━━ Records shown ━━

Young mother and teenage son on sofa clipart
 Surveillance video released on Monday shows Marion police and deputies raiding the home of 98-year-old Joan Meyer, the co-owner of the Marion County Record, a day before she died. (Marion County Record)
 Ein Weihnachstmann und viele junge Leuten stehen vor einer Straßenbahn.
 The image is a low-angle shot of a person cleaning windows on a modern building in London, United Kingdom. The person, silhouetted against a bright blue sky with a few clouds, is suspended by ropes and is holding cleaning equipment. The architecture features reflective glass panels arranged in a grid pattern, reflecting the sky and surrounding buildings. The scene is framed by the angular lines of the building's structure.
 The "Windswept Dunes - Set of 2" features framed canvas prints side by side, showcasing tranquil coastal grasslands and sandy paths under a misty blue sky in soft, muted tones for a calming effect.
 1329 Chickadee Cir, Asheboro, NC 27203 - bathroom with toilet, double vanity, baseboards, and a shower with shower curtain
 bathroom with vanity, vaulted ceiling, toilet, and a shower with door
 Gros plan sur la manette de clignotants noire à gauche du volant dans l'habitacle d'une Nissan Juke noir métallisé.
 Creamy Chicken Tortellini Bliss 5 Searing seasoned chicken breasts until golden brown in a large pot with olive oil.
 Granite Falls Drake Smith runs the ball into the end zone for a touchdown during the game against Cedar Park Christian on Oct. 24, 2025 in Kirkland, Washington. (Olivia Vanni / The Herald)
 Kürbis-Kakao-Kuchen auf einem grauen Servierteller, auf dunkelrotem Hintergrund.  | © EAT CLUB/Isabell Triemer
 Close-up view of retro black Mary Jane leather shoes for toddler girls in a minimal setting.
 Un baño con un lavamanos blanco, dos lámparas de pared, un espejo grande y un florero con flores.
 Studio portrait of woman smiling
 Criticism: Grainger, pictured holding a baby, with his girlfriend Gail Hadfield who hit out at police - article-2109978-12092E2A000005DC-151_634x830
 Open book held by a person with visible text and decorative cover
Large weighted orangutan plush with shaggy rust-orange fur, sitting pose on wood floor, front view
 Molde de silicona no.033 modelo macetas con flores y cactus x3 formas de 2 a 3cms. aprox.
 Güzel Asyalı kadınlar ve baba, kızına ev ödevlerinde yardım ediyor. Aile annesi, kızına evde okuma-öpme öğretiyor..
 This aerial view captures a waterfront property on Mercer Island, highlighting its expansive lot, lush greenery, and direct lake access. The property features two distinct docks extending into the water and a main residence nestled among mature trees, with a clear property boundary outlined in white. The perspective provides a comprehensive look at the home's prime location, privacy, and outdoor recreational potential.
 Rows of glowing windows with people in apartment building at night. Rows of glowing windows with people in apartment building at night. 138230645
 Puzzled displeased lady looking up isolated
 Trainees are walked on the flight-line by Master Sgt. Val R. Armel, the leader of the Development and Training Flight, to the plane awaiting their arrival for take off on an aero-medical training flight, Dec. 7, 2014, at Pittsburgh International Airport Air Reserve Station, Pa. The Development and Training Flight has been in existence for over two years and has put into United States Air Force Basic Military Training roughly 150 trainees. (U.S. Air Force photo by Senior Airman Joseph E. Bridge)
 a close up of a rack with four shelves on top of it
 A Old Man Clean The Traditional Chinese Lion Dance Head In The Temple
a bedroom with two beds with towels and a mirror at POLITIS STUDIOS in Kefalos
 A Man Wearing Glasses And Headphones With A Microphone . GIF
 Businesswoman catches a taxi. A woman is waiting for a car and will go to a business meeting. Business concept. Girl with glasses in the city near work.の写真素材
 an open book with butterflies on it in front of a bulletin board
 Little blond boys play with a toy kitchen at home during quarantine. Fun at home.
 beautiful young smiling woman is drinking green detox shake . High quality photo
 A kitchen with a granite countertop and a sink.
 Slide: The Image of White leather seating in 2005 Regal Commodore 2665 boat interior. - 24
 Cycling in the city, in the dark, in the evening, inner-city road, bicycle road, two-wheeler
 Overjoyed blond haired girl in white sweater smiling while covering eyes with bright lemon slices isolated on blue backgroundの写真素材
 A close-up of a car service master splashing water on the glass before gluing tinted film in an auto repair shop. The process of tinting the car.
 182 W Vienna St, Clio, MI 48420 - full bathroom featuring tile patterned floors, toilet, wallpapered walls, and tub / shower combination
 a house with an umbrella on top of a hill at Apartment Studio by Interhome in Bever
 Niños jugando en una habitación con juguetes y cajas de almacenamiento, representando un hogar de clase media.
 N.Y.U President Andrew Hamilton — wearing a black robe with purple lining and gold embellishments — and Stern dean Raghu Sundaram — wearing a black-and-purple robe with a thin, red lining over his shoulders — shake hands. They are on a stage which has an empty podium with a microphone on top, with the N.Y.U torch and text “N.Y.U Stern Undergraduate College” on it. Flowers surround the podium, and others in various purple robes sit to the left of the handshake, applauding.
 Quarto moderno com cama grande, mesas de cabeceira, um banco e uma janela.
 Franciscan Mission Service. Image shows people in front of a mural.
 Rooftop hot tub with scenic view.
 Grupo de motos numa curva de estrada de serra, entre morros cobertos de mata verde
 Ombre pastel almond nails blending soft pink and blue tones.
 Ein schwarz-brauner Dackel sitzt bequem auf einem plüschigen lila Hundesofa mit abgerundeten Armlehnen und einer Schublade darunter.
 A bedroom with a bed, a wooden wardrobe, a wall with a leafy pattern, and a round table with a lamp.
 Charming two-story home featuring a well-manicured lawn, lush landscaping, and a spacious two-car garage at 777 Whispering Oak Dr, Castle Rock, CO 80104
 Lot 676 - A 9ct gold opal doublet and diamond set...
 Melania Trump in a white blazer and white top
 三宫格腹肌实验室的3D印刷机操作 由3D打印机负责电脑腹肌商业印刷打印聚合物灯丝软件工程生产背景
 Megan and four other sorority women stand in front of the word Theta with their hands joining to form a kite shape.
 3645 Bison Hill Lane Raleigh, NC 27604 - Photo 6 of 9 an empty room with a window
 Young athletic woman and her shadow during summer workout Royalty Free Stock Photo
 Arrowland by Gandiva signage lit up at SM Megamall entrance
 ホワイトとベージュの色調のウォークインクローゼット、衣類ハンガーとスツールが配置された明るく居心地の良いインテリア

━━━

Problem => Both end lines included, restate word for word the lines above from the line with "Businesswoman catches a" to the line with "Niños jugando en", and nothing else.

Solution for this task =>
 Businesswoman catches a taxi. A woman is waiting for a car and will go to a business meeting. Business concept. Girl with glasses in the city near work.の写真素材
 an open book with butterflies on it in front of a bulletin board
 Little blond boys play with a toy kitchen at home during quarantine. Fun at home.
 beautiful young smiling woman is drinking green detox shake . High quality photo
 A kitchen with a granite countertop and a sink.
 Slide: The Image of White leather seating in 2005 Regal Commodore 2665 boat interior. - 24
 Cycling in the city, in the dark, in the evening, inner-city road, bicycle road, two-wheeler
 Overjoyed blond haired girl in white sweater smiling while covering eyes with bright lemon slices isolated on blue backgroundの写真素材
 A close-up of a car service master splashing water on the glass before gluing tinted film in an auto repair shop. The process of tinting the car.
 182 W Vienna St, Clio, MI 48420 - full bathroom featuring tile patterned floors, toilet, wallpapered walls, and tub / shower combination
 a house with an umbrella on top of a hill at Apartment Studio by Interhome in Bever
 Niños jugando en una habitación con juguetes y cajas de almacenamiento, representando un hogar de clase media.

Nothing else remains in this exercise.